Protocol 4: Influence of Chronic Intravenous Captopril
on MAP and Sodium Balance in Conscious Mice
The long-term influence of intravenous captopril
infusion on MAP and daily sodium balance in mice maintained on a sodium
intake of
200 µmol/d is illustrated in Figure 4
(n=6). Daily sodium balance, cumulative
sodium balance, MAP, and body weight averaged -7±20 µmol,
-16±35 µmol, 114±5 mm Hg, and 36.2±1.7 g,
respectively, on the second control day. MAP significantly decreased
from 114±5 mm Hg on the second control day to 95±6 mm Hg
after 1 day and to 58±3 mm Hg on the fifth day of captopril
infusion (P<0.01).

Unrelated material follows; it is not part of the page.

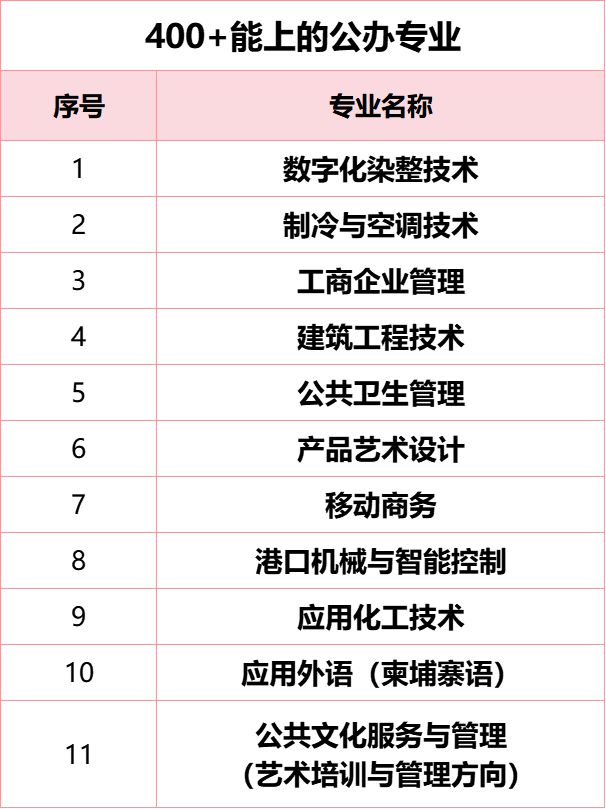 FB体育 FB体育平台纯公办！福建高职分类400-500分能读哪些大学和专业？(图1)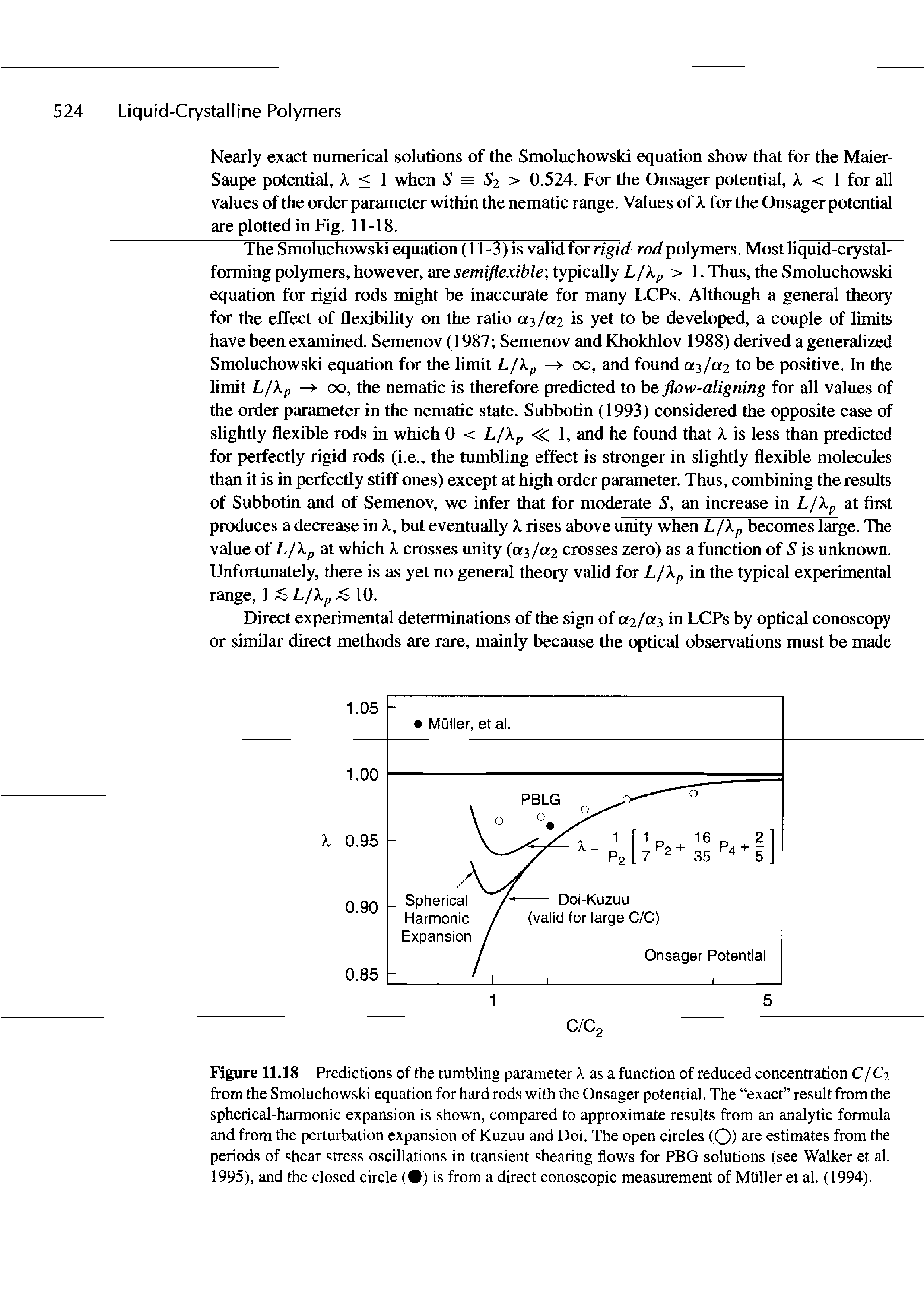 Figure 11.18 Predictions of the tumbling parameter A as a function of reduced concentration C/C2 from the Smoluchowski equation for hard rods with the Onsager potential. The exact result from the spherical-harmonic expansion is shown, compared to approximate results from an analytic formula and from the perturbation expansion of Kuzuu and Doi. The open circles (O) are estimates from the periods of shear stress oscillations in transient shearing flows for PEG solutions (see Walker et al. 1995), and the closed circle ( ) is from a direct conoscopic measurement of Muller et al. (1994).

The decrease in arterial
pressure was accompanied by increased sodium excretion that led to a
significantly negative sodium balance (-117±21 µmol/d,
P<0.05) on the third day of captopril infusion. As the
experiment progressed, cumulative sodium balance became more negative
and body weight significantly (P<0.01) decreased, averaging
-270±56 µmol and 33.1±1.5 g on the fifth day of captopril
infusion. Interestingly, when the captopril infusion was stopped, the
daily sodium balance tended to become positive as MAP returned toward
control values. It was observed, however, that both MAP and cumulative
sodium balance were significantly (P<0.01) lower than the
control values, averaging 83±5 mm Hg and -177±97 µmol
of sodium after 5 postcontrol days.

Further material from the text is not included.